Key requirement: Zero config changes between sites. The same playbooks and role code work for both dvntm and dvnt. All site-specific values (management IP, DHCP range, gateway, DNS domain, artifact server URLs, host records) come from inventory. The site switch is just which inventory directory is selected (-i ../ansible-inventory-deevnet/dvntm/ vs /dvnt/).

This means:

  • Each site inventory needs a complete group_vars/bootstrap_nodes.yml with site-appropriate values
  • The bootstrap role and dnsmasq template must be fully parameterized β€” no hardcoded site assumptions
  • The provisioner’s IP per site is defined in that site’s inventory host_vars

DNS domain: drop mgmt.deevnet.net #

The mgmt.deevnet.net subdomain adds a layer of indirection that doesn’t buy much when the builder operates on one site at a time. Use site-scoped domains only:

  • dvntm site: dvntm.deevnet.net (e.g., artifacts.dvntm.deevnet.net)
  • dvnt site: dvnt.deevnet.net (e.g., artifacts.dvnt.deevnet.net)

During bootstrap, the builder’s dnsmasq serves records in the site zone. In production, OPNsense is authoritative for the same zone.

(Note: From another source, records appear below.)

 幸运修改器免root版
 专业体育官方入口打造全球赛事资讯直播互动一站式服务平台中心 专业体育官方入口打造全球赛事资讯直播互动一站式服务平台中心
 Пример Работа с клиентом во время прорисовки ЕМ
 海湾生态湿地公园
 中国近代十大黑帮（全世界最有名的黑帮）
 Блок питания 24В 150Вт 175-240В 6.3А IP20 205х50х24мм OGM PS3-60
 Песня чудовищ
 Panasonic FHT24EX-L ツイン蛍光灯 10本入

Impact: The architecture docs (core-services.md, builder.md) reference mgmt.deevnet.net extensively. The multi-homing naming convention (provisioner-01-dvnt.mgmt.deevnet.net) also uses it. These docs will need updating, but that can be a separate pass.


Suggested Chunking #

Chunk A β€” Make bootstrap-auth functional (Gaps 1, 4, 8): Fix the playbook vars overrides and inventory so make bootstrap-auth actually enters bootstrap mode. Low risk, high value.

Chunk B β€” DNS and DHCP content (Gaps 3, 5): Extend dnsmasq.conf.j2 to render host records and static DHCP reservations from inventory. Requires template work and possibly a gather-hosts task similar to the OPNsense DHCP role.

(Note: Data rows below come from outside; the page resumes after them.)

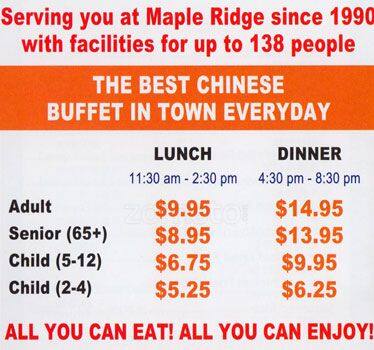 China Kitchen Restaurant Menu Menu For China Kitchen Restaurant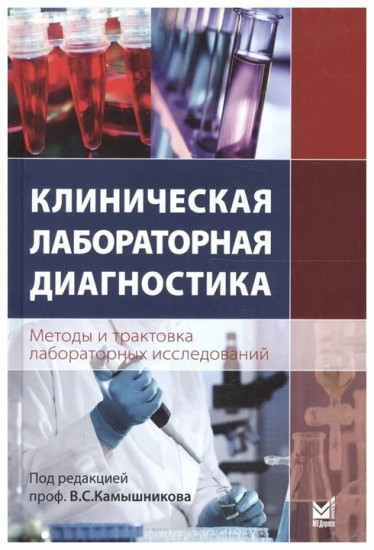 Клиническая лабораторная диагностика. Методы и трактовка лабораторных исследований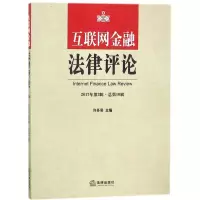 互联网金融法律评论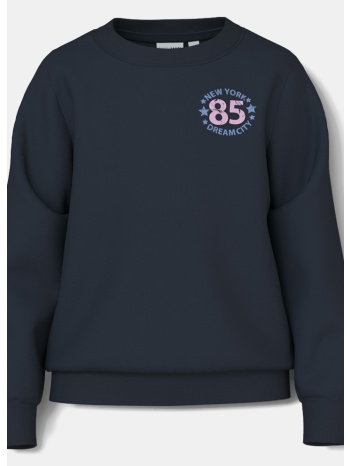name it nkfvasacha ls sweat unb (9000185839_2801)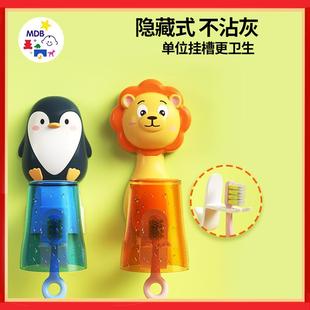 mdb儿童吸壁式刷牙杯免打孔可爱水杯沥干架卡通漱口杯架可挂牙刷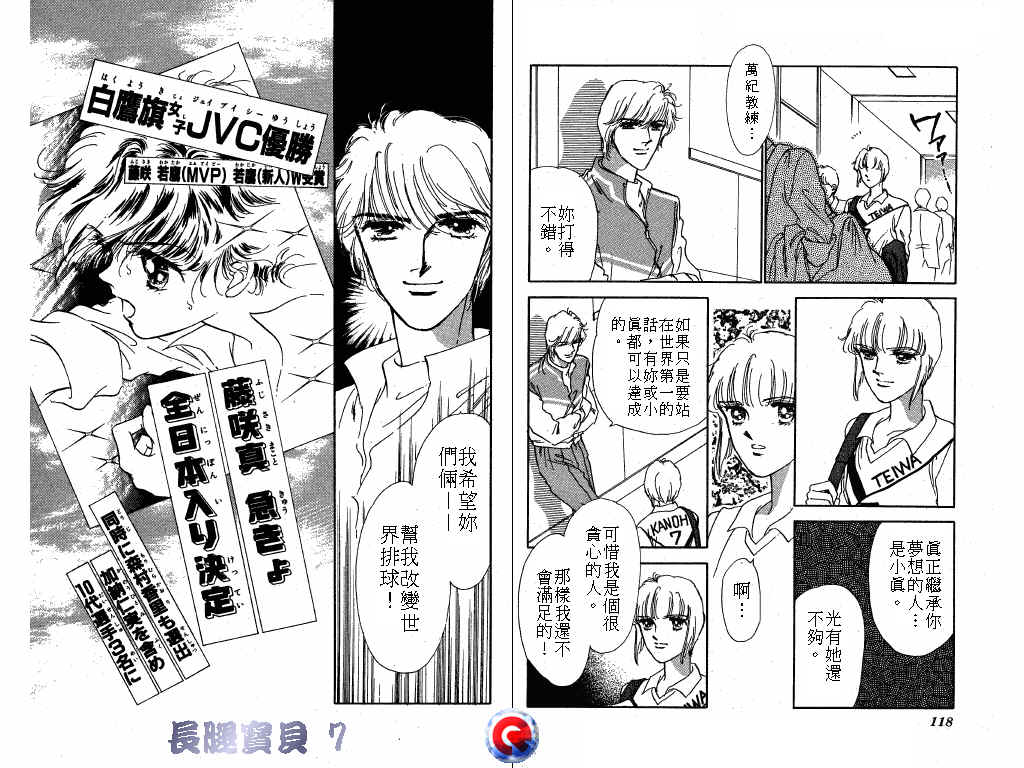 长腿宝贝韩漫全集-VOL7无删减无遮挡章节图片 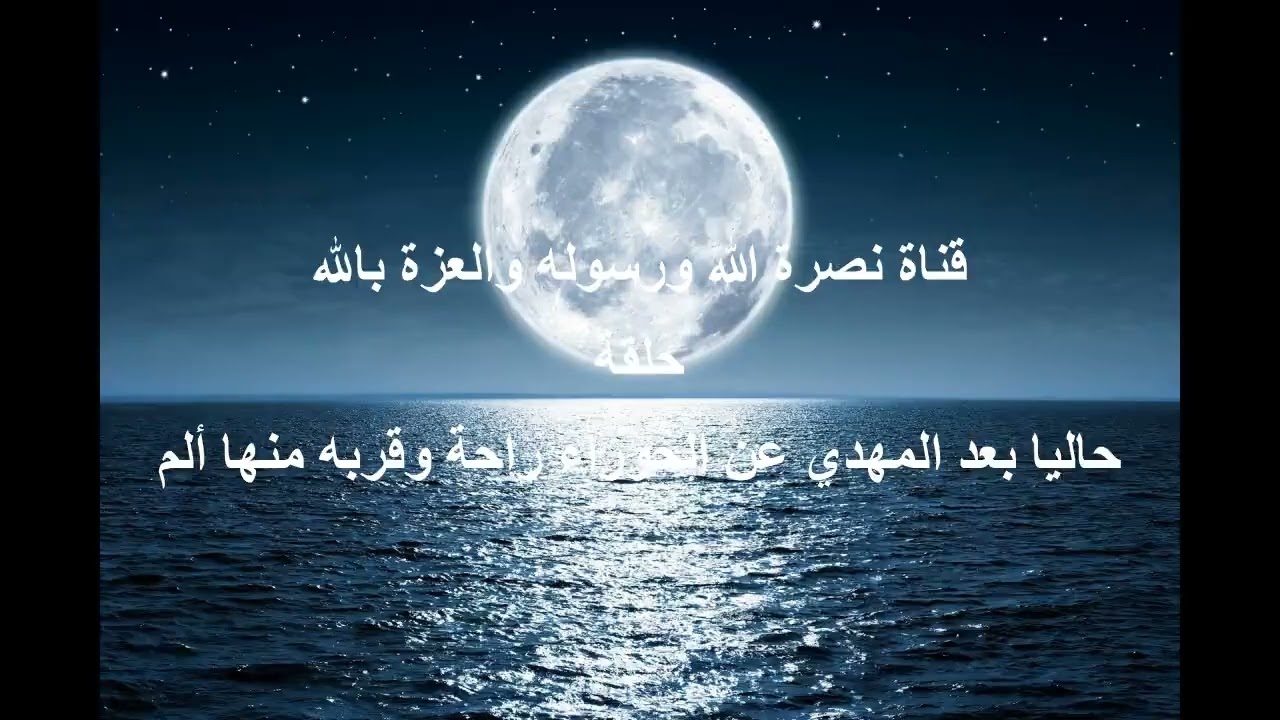 حاليا بعد المهدي عن الحوراء راحة وقربه منها ألم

Chunk C β€” IP reconfiguration (Gap 2): Automate the interface IP swap. Riskiest chunk β€” modifying the IP of the host you’re running Ansible on can break the connection.

Chunk D β€” Architectural decision (Gap 6): Decide the multi-VLAN bootstrap scope. This is a design discussion, not a code change, but it affects Chunks B and C.

Chunk E β€” Polish (Gaps 7, 9, 10): OPNsense disable automation, validation steps, transition logging. Nice-to-haves.

Page last modified: March 26, 2026